Behavioural Services

What are Behavioural Services?

Behavioural services include training, one-on-one behavioural consults, and veterinary behavioural medicine. These may address anything from basic training (e.g. sit, stay, loose-leash walking) to working with specific behavioural problems (e.g. reactivity, excessive barking, resource guarding).

Training schools cover basic (and in some schools more advanced) general training. Behaviouralists work one-on-one with you and your pet, and behavioural veterinarians can assess and address the medical side of behavioural problems.

 

What Should I Look For in Behavioural Services?

The service you may access will depend on what you want to work on. The main thing when choosing a service is to ensure that the trainer or veterinarian promotes positive, force-free training techniques.

Using a force-free approach fosters a positive relationship between you, your pet, and their response to training. Negative reinforcement or punishment, from things like choker chains and prong or shock collars, to pushing a dog’s hind down to get them to sit harbours negative associations. This can lead to reactivity or more adverse behavioural problems, as they are experiencing and responding to distressing stimuli.

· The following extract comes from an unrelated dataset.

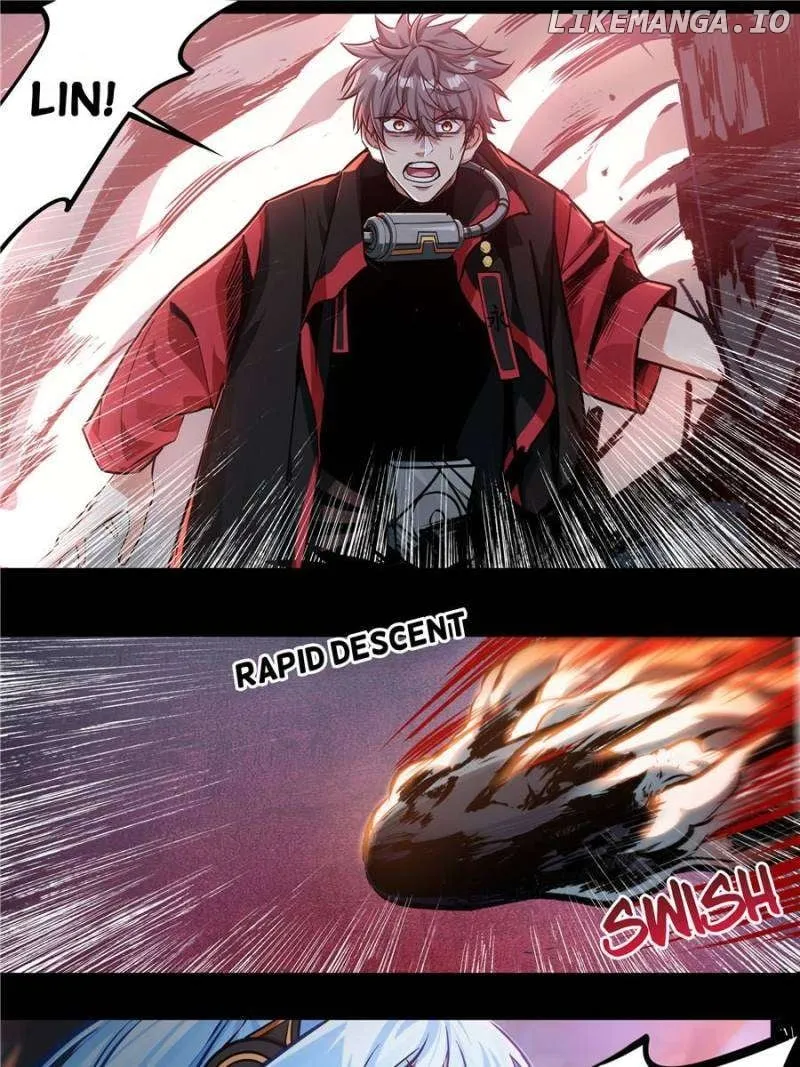 Alien Abyss: Restart Era Chapter 39 Online - página 16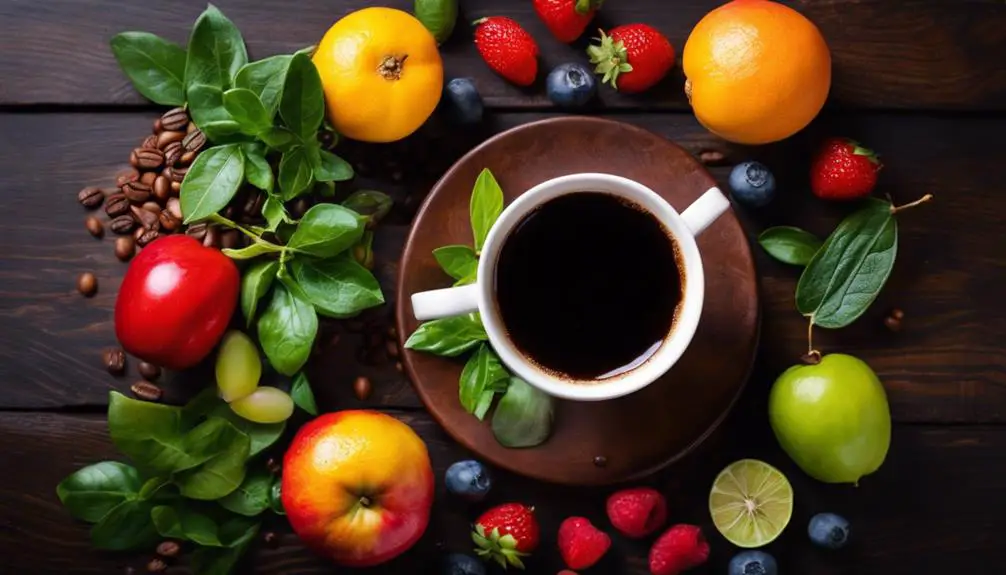 arabica coffee health benefits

Approaches like negative reinforcement/punishment and alpha theory/pack theory have been debunked by current research as being inaccurate and harmful. More information is available on our FAQ page.

Most behavioural problems stem from our pets trying to communicate with us that their needs are not being met or that something is making them uncomfortable. By working to understand and address what they are trying to tell us, we can help change the behaviour in a way that benefits both the pet and the owner.

Where Can I Find Help?

You can find behaviouralists through the Delta Institute, which is the accrediting body for force-free, positive reinforcement trainers who have completed a nationally accredited training course.

Behavioural veterinary services are offered through many of Canberra’s vet clinics, as well as two dedicated behavioural vet practices, Canberra Behaviour Vet and Canberra Animal Behaviour Solutions.